8) O arguido, com vista a manter relações sexuais com a BB, convencia-a a passar fins-de-semana consigo, utilizando para o efeito a residência de uma familiar sita na Rua ..., em ....
9) Ali, o arguido deitou-se na mesma cama que a ofendida BB, colocava-se sobre esta, introduzia o pénis na vagina da ofendida e realizava movimentos próprios da cópula, friccionando o seu pénis repetidamente, até ejacular.
10) O arguido sabia que praticava com a BB actos de natureza sexual e assim a molestava na sua autodeterminação sexual, mais sabendo que a mesma tinha treze anos de idade, mas não se absteve de agir do modo descrito, o que quis e fez, com o propósito de satisfazer os seus apetites sexuais.
11) O arguido AA sabia e quis-se aproveitar da jovem idade da BB, para persistir no relacionamento sexual com aquela.
12) Quando a ofendida BB não se podia deslocar até ..., o arguido dirigia-se para a residência desta sita na Rua ....
13) Ali, a ofendida BB saia de casa, entrava para interior do veículo conduzido pelo arguido, que depois o dirigia para locais ermos, onde após mantinham relações sexuais de cópula completa.
14) Numa dessas ocasiões, o arguido AA e a BB não usaram preservativo enquanto mantiveram relações sexuais de cópula completa, pelo que esta engravidou.
15) A BB realizou uma interrupção voluntária da gravidez em 14 de Janeiro de 2009.
16) O arguido sabia que havia engravidado a BB, tendo-se mostrado agastado com a interrupção voluntária da gravidez levada a cabo pela ofendida, pois dizia pretender formar família com esta.
17) A BB foi então acolhida no Lar Dr. ..., em ..., de forma a ser salvaguardada do contacto com o arguido AA.
18) Porém, o arguido que não se conformou com o fim da relação, e procurou manter o contacto com a BB.

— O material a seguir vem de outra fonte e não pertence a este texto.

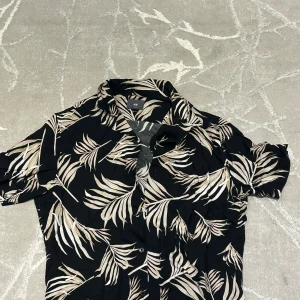 Svart mönstrad skjorta från H&M - Snygg svart skjorta från H&M med korta ärmar och beige tropiskt bladmönster. Skjortan har klassisk krage och knäppning framtill. Perfekt för dig som vill sticka ut med en cool och avslappnad stil.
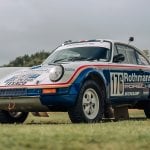 white and blue Porsche 911 953 rally race car parked on the grass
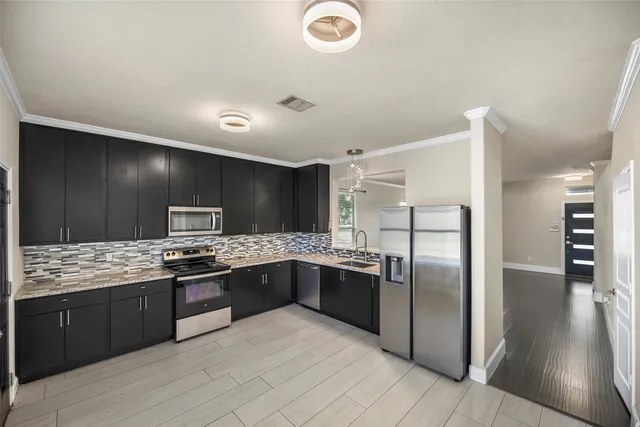a kitchen with stainless steel appliances granite countertop a sink and stove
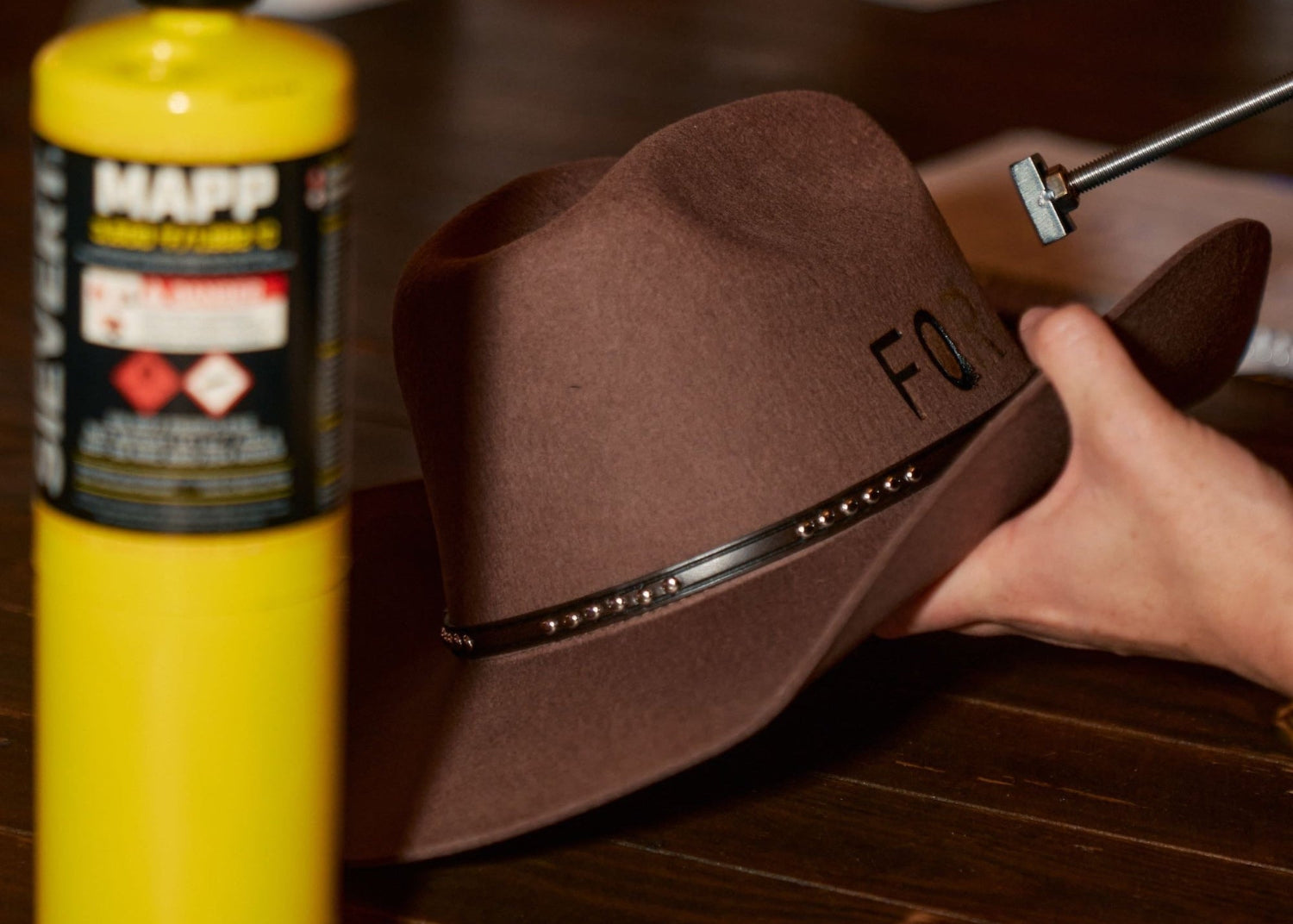 Brown cowboy hat on a table with a yellow MAPP gas canister and tools in the foreground.
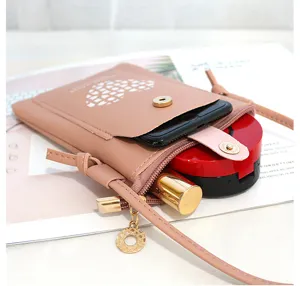 Mini PU leather crossbody phone bag for women, cute pink shoulder pouch with card slots.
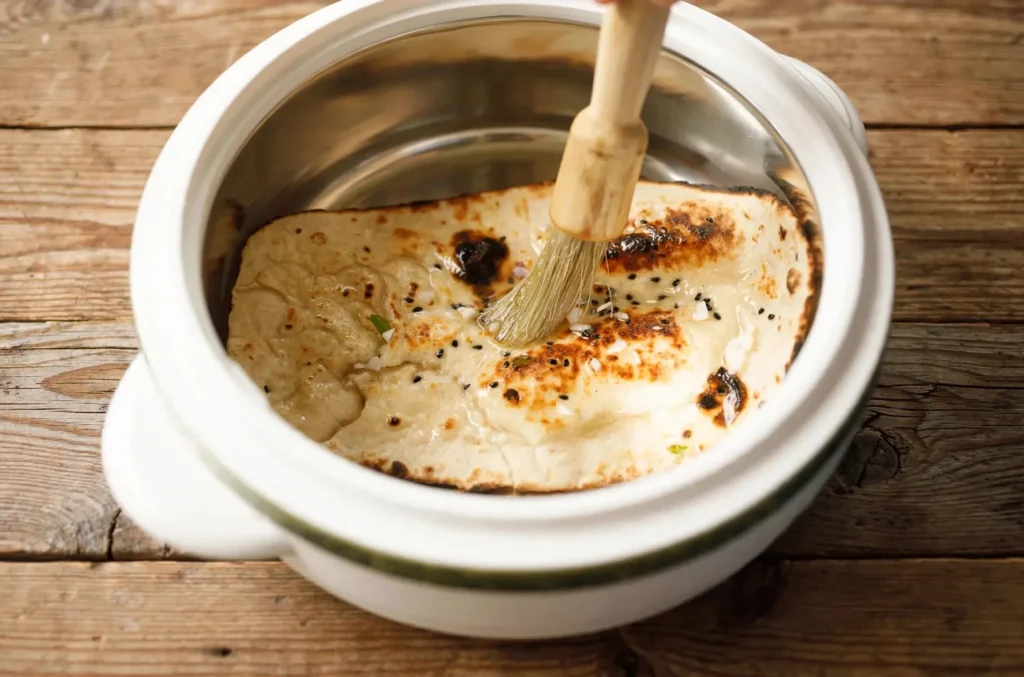 Garlic butter with chopped garlic and coriander in a small pan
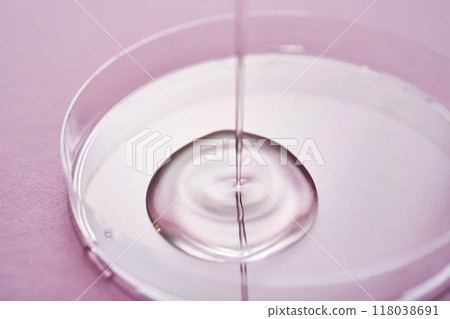 Serum or cosmetic oil flows into a transparent bowl on a purple background. 118038691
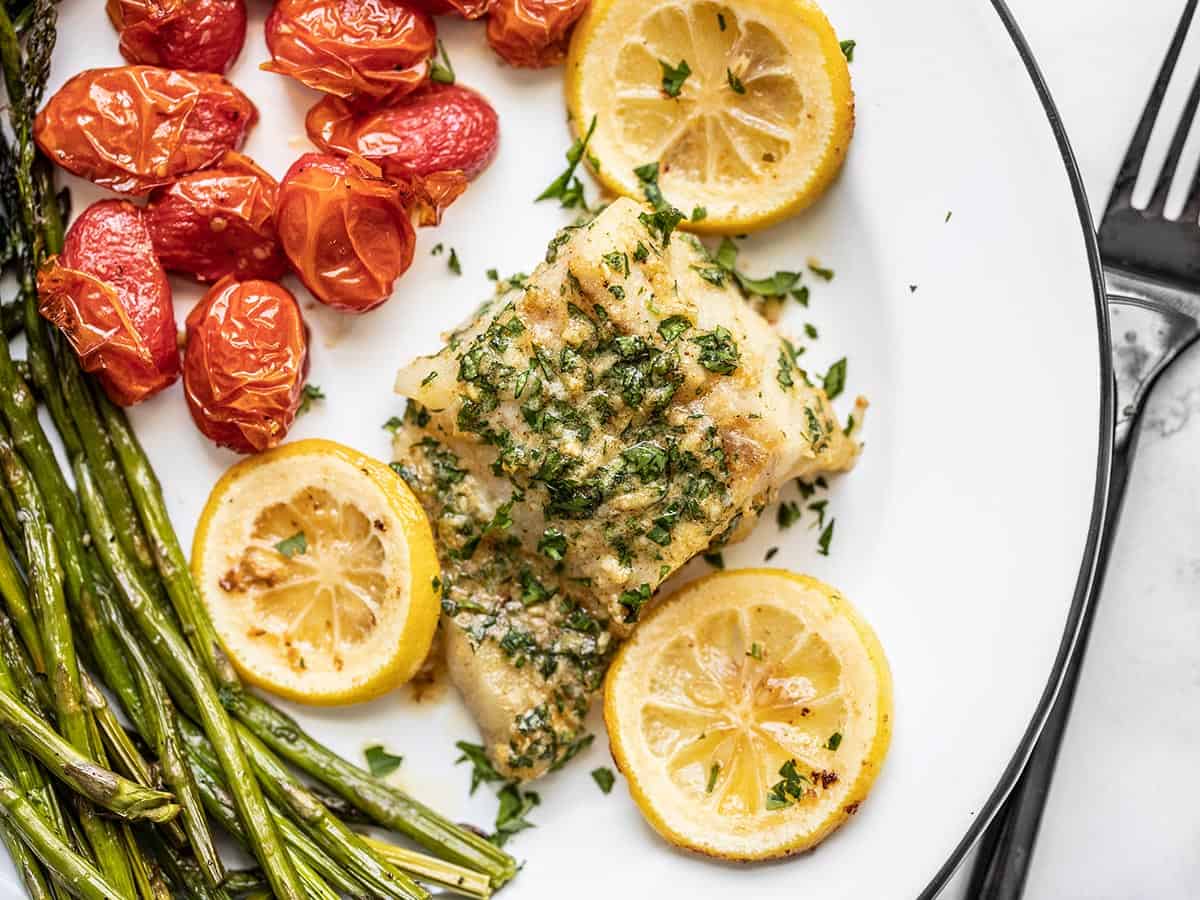 Overhead view of a piece of garlic butter baked cod on a plate with roasted asparagus and tomatoes.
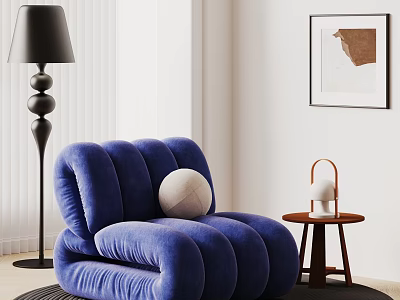 Blue Plush Single Sofa With Curved Design Black Floor Lamp Side Table And Wall Art 3d model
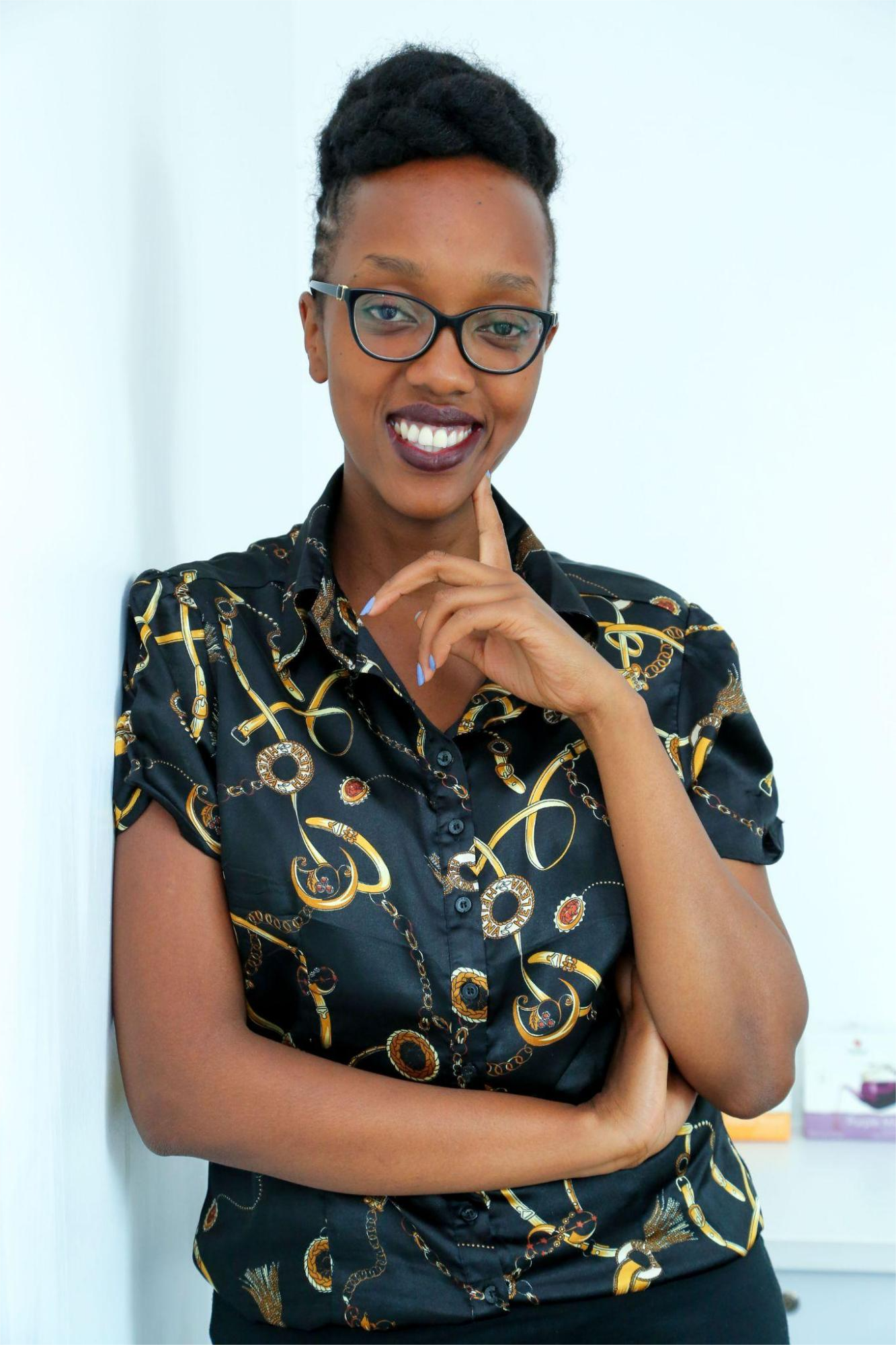 A smiling woman with glasses, wearing a patterned black shirt, standing indoors against a white background.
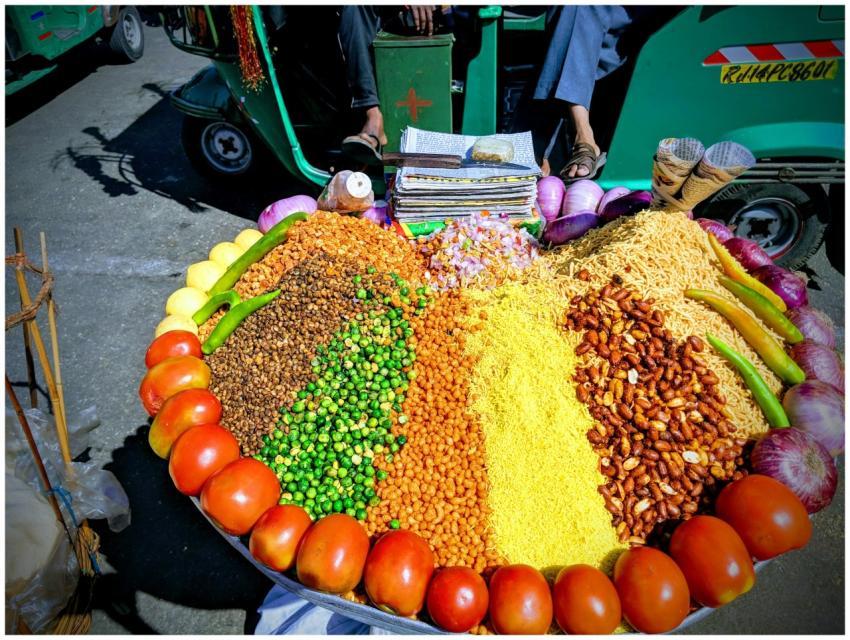 Vibrant street food display at a market in Jaipur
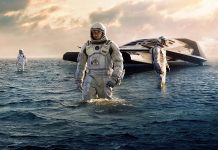 A scene from Interstellar, where the exploratory team lands a water planet whose proximity to a black hole slows down the passage of time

19) Foi inicialmente correspondido pela BB que lhe enviava também mensagens e usava os telemóveis de outras jovens do Lar para contactar com o arguido.
20) Porém, a dada altura, o arguido começou a enviar mensagens de texto para o telemóvel indicado pela BB, com o fito de a amedrontar e de a obrigar a encontrar-se consigo.
21) Numa dessas ocasiões, o arguido AA enviou uma mensagem de texto para o telemóvel da ofendida BB onde lhe dizia “mato os teus pais se não vieres ter comigo ou acabes o namoro”, “tenho uns amigos em ... que vão atrás da tua família”.
22) O arguido quis criar um estado de medo e de ansiedade na ofendida, de forma a obrigá-la a manter o relacionamento consigo.
23) Como a BB não se mostrou colaborante, o arguido, no dia 25 de Março de 2009, dirigiu-se para a cidade de ... a fim de a avistar.
24) Ali, cerca das 08 horas e 30 minutos, na Avenida ..., o arguido abordou a ofendida BB quando esta se dirigia para a escola agarrou-a pelo braço disse-lhe: “se não ficares aqui comigo para falarmos, eu bato-te ou corto-te o pescoço com uma navalha que tenho aqui”, ao mesmo tempo que procurou arrastar a BB para o interior do seu veículo.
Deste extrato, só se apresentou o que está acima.